4 Want Gaza wordt een verlaten oord, Asjkelon een woestijn; Asjdod wordt opgejaagd op klaarlichte dag, Ekron ontworteld!
Parce que Gaza a été détruite et Ascalon réduite en un désert; on chassera Azot, en plein midi, et Accaron sera déracinée.
5 Wee u, bewoners der zeekust, Volk der Kretenzen: Het woord van Jahweh komt over u! Kanaän, Ik zal u verwoesten, Land der Filistijnen, ge zult zonder inwoners zijn!
Malheur à vous qui habitez la région de la mer, nation d’hommes perdus: la parole du Seigneur a été prononcée contre vous, Chanaan, terre des Philistins, et je t’exterminerai, en sorte qu’il n’y ait pas en toi d’habitant.
6 De zeekust van Kreta zal een weideplaats worden, Een schapenkooi:
Et la région de la mer sera le lieu de repos des pasteurs, et le parc des troupeaux de menu bétail;
7 Ze valt het Overschot ten deel Van Juda’s huis. Zij zullen daar weiden, en in Asjkelons huizen ‘s Avonds gaan rusten; Want Jahweh, hun God, zal weer naar hen omzien, Keert hun lot weer ten beste!
Et cette région appartiendra à celui qui sera resté de la maison de Juda; là ils paîtront les troupeaux, dans les maisons d’Ascalon ils se reposeront le soir; parce que le Seigneur leur Dieu les visitera, et les ramènera de leur captivité.
8 Ik heb het honen van Moab gehoord, En het schimpen der zonen van Ammon, Die mijn volk hebben gesmaad, Een hoge toon tegen zijn land gevoerd.
J’ai entendu les paroles outrageantes de Moab et les blasphèmes des fils d’Ammon, quand ils ont outragé mon peuple et l’ont bravé sur ses frontières.
9 Zo waar Ik leef, spreekt Jahweh der heirscharen, Israëls God: Daarom zal Moab als Sodoma worden, Als Gomorra de zonen van Ammon. Een veld met doornen zal het worden, Een zouthoop, een steppe voor eeuwig; Het Overschot van mijn volk maakt het buit, De Rest van mijn natie ontvangt het tot erfdeel!
À cause de cela, je vis, moi, dit le Seigneur des armées, le Dieu d’Israël, Moab sera comme Sodome, et les fils d’Ammon comme Gomorrhe; ils auront des épines sèches, et des morceaux de sel, et un désert pour toujours; les restes de mon peuple les pilleront, et ceux de ma nation qui auront survécu en seront les maîtres.

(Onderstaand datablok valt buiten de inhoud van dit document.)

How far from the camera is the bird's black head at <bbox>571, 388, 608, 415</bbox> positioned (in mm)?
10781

10 Dat zal hun lot zijn, Als loon voor hun trots; Omdat zij hebben gesmaad en gehoond Het volk van Jahweh der heirscharen.
Cela leur arrivera à cause de leur orgueil; parce qu’ils ont blasphémé, et ont bravé le peuple du Seigneur des armées.
11 Dan zal Jahweh door hen worden gevreesd, Omdat Jahweh de goden der aarde vernielt; En iedereen zal op zijn eigen plaats Hem aanbidden, Op alle eilanden der volken!
Le Seigneur sera terrible contre eux, et il anéantira tous les dieux de la terre; et les hommes l’adoreront, chacun en son lieu, ainsi que toutes les îles des nations.
12 Gij ook, Koesjieten Zult worden vermoord door mijn zwaard!
Mais vous aussi, Ethiopiens, vous serez tués par mon glaive.
13 Dan strekt Hij zijn hand tegen het noorden uit, Richt Assjoer te gronde, Maakt van Ninive een woestijn, Verdord als een steppe.
Et il étendra sa main vers l’aquilon et perdra Assur; et il fera de la cité magnifique une solitude, et un lieu inaccessible, et comme un désert.
14 Daar leggen zich de kudden neer, En allerlei wilde beesten; Kraaien en reigers Nestelen op zijn kapitélen. Hoort, het giert door zijn vensters, De verwoesting ligt op zijn drempel: Want het cederwerk Heeft men afgerukt.
Et se coucheront au milieu d’elle les troupeaux, et toutes les bêtes des nations; et l’onocrotale et le hérisson demeureront sur ses linteaux: la voix de l’oiseau chantant retentira sur la fenêtre; le corbeau croassera sur le linteau, parce que j’anéantirai sa force.
15 Dat is nu de dartele stad, Zo onbezorgd, Die sprak tot zichzelf: Dat ben ik, en geen ander! Hoe is zij een puinhoop geworden, Een leger voor beesten; Ieder die haar voorbijgaat, Blaast, en zwaait met de hand.
Voilà la cité glorieuse qui demeurait dans la confiance; qui disait en son cœur: Moi je suis, et hors moi il n’y en a plus d’autre; comment est-elle devenue un désert, un repaire de bête sauvage? Quiconque la traversera, sifflera et agitera sa main.